胸の中で何かがざわつき、 丼の震えが手のひらに伝わる。

「……まさか……お前も、怖がってるのか? 俺と同じで」

冗談めかして呟いてみるが、声はうまく出ない。

丼は答えない。 しかし、震えはやまない。


("巡りを戻せ"って……なんだよそれ。
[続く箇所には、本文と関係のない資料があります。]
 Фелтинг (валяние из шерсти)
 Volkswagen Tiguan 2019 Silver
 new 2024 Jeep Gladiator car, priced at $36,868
世界が長くないって……そんなの、俺に言われても……)


自分には荷が重すぎる言葉が頭の中をぐるぐる回る。

その時だった。

――コツン。

足元から、何かが軽く当たる音がした。

見ると、金色に光る“欠片”が転がっていた。 さっきの残響が完全に消える瞬間、砕け散った光の一部だ。

凰翔は思わず拾う。

指先が触れた途端――

「……っ!」

視界が白く跳ねた。




一瞬だけ、誰かの“記憶”の断片が流れ込む。

荒れ果てた大地。 裂けた空。 黒い霧のような“渦”。

そして――
何かを抱きしめて倒れ込む人物の後ろ姿。

《……巡りが……止まる……このままでは……世界が……》

そこで映像はぷつりと途切れた。




「……? なんだったんだ、今の……」

めまいを手で押さえながら、凰翔はその場にしゃがみ込む。

キツネやギンの声も届かない。

ただ洞窟の奥から、かすかに“余韻”だけが残っていた。

(あれが……“呼んだ者”の記憶?)

(巡りって、何だ? まさか俺のスキルの……チーズ牛丼のことじゃないよな……?)

思考が変な方向に行きかけた時、

丼がふっと震えるのをやめた。

そして、まるで“次の言葉”を促すように、かすかな温もりだけを残した。

凰翔はゆっくりと立ち上がる。

「……分かったよ。
 とりあえず戻る。
 キツネとギンにも、何か聞かないとな……」

洞窟の出口へと歩き出す。

だが一歩踏み出した瞬間。

――トン。

足元から、あの大地の“脈動”が再び響いた。

凰翔はゾクリと振り返る。

洞窟の奥は真っ暗だ。

しかし、確かに“何か”がそこに記憶を残していた。


《……オマエダケ……》


「……はぁ……責任が重すぎる……」

弱々しく呟いたが、返事はなく。

代わりに――
丼の縁が、ちいさく“カンッ”と鳴った。

まるで、

『大丈夫。お前ならできる』

そう言われたように思えた。

凰翔は眉を寄せ、

「……お前まで励ましてくんなよ……
 俺……ただのチー牛だぞ……」

それでも、歩いた。

キツネとギンが待つ、光の外へ。

そして、そこから
“巡りを戻す旅”が静かに動き始めた。